Aggregate Production - The acceptability of natural aggregates is judged upon the physical and chemical properties of the material and the accessibility, proximity to the site and economic workability of the deposit.

Concrete Handling, Placing and Consolidation - The procedure to be adopted for moving concrete from the mixers on to the dam will be governed by site conditions. The problem is to transport it to the dam with the least possible segregation or change in its consistency so it may be compacted uniformly into the dam without unreasonable effort. The cableway is probably the simplest arrangement. The tilting mixers will feed the buckets; these are then moved to a pick up point under the cableway, transported smoothly to the block and emptied quickly through an air operated gate.

Three Tower Cableway

The use of a belt conveyor has also been considered, but problems occur in keeping the belt temperature stable in warm weather and also in windy conditions. The conveyors are usually covered and cold air is blown over the concrete to lower its placing temperature.

The placing of a low-slump concrete, four layers in 2.3m lift

Tractor mounted vibrators at Emosson Dam, Switzerland

Proper consolidation of low-slump concrete is laborious and requires continuous supervision. The most efficient compactor is usually the two man hand-held high-speed vibrator.
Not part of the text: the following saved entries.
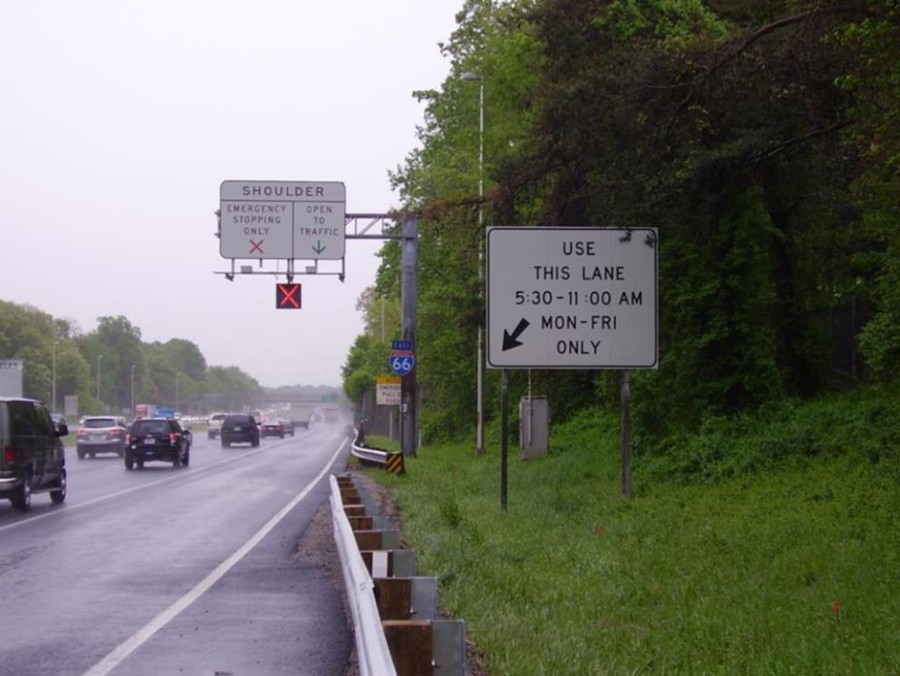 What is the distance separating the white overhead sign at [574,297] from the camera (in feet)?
60.2

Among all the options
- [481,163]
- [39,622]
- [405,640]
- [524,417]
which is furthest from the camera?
[481,163]

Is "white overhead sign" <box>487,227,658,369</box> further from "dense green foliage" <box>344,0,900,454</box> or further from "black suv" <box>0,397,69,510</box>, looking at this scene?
"black suv" <box>0,397,69,510</box>

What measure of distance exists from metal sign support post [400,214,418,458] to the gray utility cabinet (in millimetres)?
5940

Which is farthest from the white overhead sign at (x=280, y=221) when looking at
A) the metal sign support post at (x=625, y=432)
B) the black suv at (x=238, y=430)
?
the black suv at (x=238, y=430)

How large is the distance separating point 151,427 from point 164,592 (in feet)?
97.3

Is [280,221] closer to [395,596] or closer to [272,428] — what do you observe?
[395,596]

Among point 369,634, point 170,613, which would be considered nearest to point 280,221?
point 170,613

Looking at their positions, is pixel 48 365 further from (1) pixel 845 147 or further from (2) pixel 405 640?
(2) pixel 405 640

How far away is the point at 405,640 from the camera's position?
22.4 ft

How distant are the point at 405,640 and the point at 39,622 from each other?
5.16m

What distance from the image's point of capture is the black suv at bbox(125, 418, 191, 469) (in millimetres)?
41156

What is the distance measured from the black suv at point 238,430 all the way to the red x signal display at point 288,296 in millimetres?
33848

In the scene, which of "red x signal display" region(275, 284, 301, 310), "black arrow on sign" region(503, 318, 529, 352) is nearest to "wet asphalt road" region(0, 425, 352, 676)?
"black arrow on sign" region(503, 318, 529, 352)

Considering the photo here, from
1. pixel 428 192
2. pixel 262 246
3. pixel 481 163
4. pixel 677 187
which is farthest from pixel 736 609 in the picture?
pixel 428 192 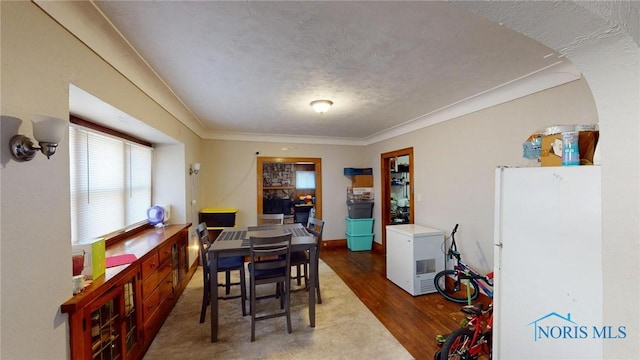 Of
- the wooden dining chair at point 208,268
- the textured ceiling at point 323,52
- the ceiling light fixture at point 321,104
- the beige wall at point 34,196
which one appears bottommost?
the wooden dining chair at point 208,268

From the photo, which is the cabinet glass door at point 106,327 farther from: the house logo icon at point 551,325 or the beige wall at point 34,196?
the house logo icon at point 551,325

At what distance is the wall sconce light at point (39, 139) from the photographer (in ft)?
3.23

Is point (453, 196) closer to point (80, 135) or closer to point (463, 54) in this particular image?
point (463, 54)

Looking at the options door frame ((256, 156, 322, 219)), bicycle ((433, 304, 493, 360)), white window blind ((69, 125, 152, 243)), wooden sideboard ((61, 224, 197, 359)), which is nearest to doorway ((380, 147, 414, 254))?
door frame ((256, 156, 322, 219))

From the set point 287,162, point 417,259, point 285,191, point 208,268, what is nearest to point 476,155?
point 417,259

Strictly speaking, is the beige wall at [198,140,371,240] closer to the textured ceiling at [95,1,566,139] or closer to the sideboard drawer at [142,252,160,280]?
the textured ceiling at [95,1,566,139]

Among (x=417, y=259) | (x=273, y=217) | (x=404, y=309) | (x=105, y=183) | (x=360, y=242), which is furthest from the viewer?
(x=360, y=242)

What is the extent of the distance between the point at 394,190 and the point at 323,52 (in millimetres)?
4286

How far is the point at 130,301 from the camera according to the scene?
1.86 m

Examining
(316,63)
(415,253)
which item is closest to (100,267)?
(316,63)

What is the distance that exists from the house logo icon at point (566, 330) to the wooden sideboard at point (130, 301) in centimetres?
249

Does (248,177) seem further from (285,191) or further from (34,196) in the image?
(34,196)

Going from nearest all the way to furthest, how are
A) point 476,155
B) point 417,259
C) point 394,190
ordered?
point 476,155 → point 417,259 → point 394,190

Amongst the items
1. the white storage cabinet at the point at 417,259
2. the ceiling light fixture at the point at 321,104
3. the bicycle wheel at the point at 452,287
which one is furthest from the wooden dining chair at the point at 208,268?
the bicycle wheel at the point at 452,287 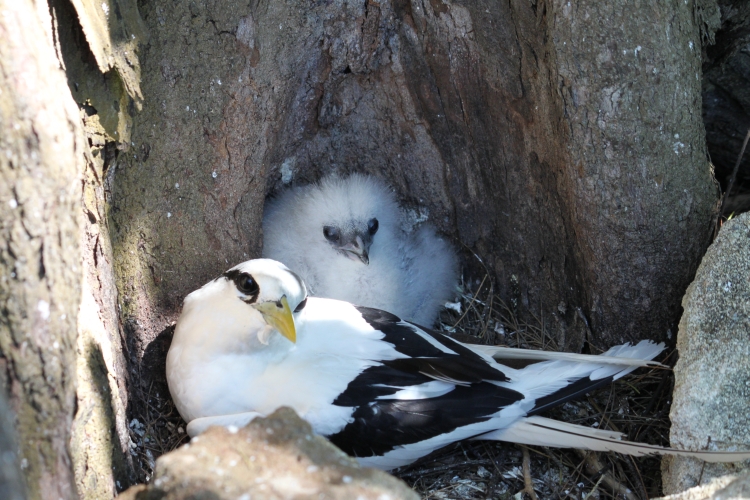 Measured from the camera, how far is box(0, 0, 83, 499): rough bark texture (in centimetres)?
163

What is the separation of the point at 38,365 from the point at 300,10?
1.92 meters

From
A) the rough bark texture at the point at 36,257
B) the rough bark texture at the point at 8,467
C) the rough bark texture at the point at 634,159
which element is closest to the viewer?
the rough bark texture at the point at 8,467

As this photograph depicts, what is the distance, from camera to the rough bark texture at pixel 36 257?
163cm

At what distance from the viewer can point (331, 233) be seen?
133 inches

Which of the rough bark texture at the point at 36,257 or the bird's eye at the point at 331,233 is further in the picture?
the bird's eye at the point at 331,233

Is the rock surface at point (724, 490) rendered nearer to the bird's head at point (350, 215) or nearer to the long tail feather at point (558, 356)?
the long tail feather at point (558, 356)

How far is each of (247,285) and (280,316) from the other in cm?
21

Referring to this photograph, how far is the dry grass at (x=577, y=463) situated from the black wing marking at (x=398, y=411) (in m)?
0.23

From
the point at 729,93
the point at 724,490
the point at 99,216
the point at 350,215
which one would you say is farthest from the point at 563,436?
the point at 729,93

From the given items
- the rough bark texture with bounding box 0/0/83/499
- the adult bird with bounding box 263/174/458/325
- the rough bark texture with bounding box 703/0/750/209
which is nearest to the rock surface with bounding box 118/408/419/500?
the rough bark texture with bounding box 0/0/83/499

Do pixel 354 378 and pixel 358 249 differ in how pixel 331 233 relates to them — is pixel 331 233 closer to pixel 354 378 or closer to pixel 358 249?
pixel 358 249

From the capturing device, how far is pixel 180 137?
2771 mm

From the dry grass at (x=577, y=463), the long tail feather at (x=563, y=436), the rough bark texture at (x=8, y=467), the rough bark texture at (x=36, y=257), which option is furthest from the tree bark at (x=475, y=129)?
the rough bark texture at (x=8, y=467)

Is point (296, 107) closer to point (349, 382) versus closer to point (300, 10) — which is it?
point (300, 10) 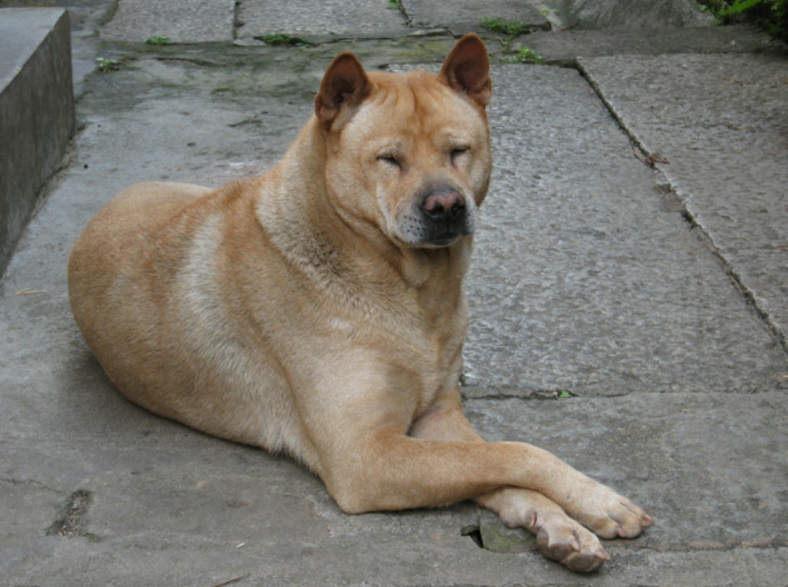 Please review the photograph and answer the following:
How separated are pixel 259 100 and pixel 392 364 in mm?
4130

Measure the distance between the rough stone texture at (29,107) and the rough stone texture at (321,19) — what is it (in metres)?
2.62

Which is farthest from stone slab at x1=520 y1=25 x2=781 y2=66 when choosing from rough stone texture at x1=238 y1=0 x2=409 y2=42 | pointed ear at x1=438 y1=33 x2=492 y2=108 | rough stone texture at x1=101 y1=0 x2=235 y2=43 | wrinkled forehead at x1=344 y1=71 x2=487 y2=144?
wrinkled forehead at x1=344 y1=71 x2=487 y2=144

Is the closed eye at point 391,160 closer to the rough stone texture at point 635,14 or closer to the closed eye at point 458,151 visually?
the closed eye at point 458,151

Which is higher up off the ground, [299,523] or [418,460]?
[418,460]

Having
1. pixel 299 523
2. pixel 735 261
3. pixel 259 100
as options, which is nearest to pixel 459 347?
pixel 299 523

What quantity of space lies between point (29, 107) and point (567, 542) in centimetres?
385

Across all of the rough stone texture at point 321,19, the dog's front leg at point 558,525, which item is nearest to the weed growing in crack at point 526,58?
the rough stone texture at point 321,19

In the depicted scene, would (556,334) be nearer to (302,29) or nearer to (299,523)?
(299,523)

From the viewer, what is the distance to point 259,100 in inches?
259

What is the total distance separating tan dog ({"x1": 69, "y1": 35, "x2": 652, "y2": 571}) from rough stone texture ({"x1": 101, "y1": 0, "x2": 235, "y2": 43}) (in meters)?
5.16

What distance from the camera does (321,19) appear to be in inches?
337

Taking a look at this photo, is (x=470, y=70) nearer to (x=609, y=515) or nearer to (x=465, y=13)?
(x=609, y=515)

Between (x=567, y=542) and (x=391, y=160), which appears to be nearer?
(x=567, y=542)

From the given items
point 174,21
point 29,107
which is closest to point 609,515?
point 29,107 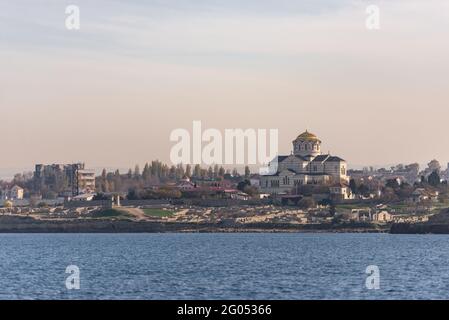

Formwork - Probably the most widely used lift is 1.5m, however, on large dams a height of 2.3-3.0m is frequently used. With the larger lifts there are fewer movements of forms and fewer horizontal lift surfaces to be cleaned. The high-lift formwork is unique and expensive with less prospect for re-use, heavier equipment is required for lifting the forms and the heat problems and risks of cracking in the concrete are accentuated. Modern steel formwork is of cantilever design, see figure. Where possible the use of slip forms will expedite the work and lower the costs. At some locations it may be expedient to use precast concrete slabs for formwork with set-retarding agent on the inner surface.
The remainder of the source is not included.